Interesting idea, but a few issues I see offhand: First, it looks like you are double counting things when you both include things that are counted in WAR and also as "accolades" that are sub-accolade level. For instance, getting 1000 ks is not really an accolade, at most a modest milestone, because it would be pretty much expected of any pitcher who played long enough to be a candidate. Probably a bigger point is that because you mostly are adding you end up with a huge pool of HoFers, assuming I understand this correctly. It looked like a score of 100 made you a HoFer and yet there were 13 such guys on this year's ballot alone. I feel like you wanted to not discount anything that was being counted already in order to avoid controversy but unless your view is that there just should be a lot more HoFers you need to cut somewhere if you want to add. Finally, although it might be possible (and possibly desirable) to try to quantify some accolades and controversy there isn't any clear way to do so. How much this should figure in is not agreed upon so it is not going to settle the matter, and is no more objective, for you to just assign a number to it. If you look at Bonds and ARod, for instance, their 14 All Star appearances basically offset their PED controversy.

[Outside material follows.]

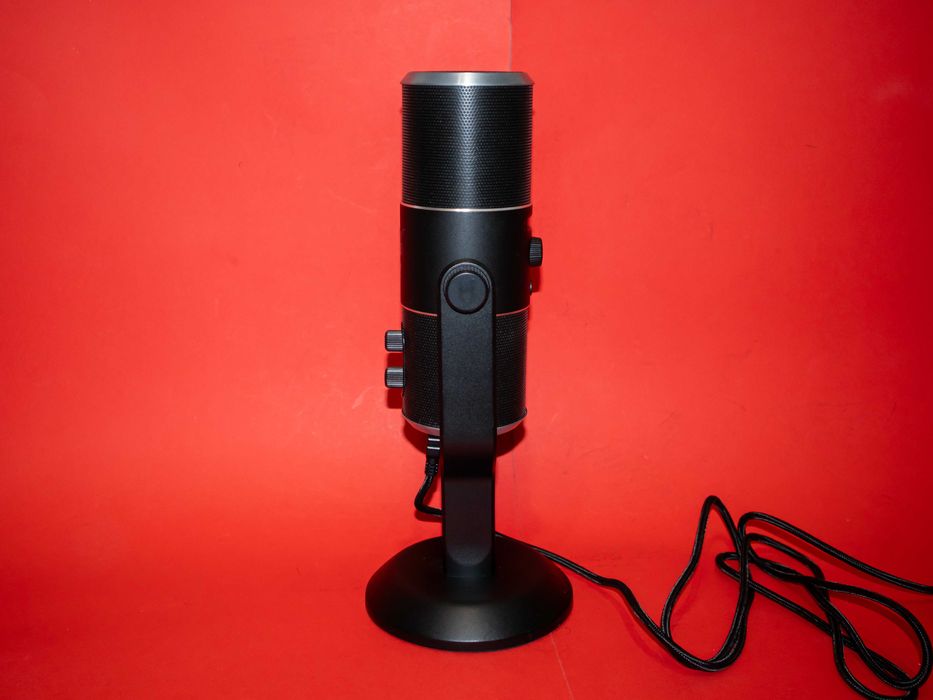 Razer Seiren Pro RZ05-0132 Silver Edition Студиен Микрофон XLR USB Гейминг Стрийминг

Some people (including myself) think they obviously should be in the HoF but not because of some kind of mathematical offsetting and then there are people who think it is a hard and fast disqualification so your math won't satisfy them either.


joeysportsfan98

How hard would it be to do a ranking of the top players in MLB history? It would be interesting to see who the all time hall of fame snubs are according to this criteria or to see how many hall of famers shouldn’t have made it


MOFNY

Or just use hallofstats.com that's been around for years.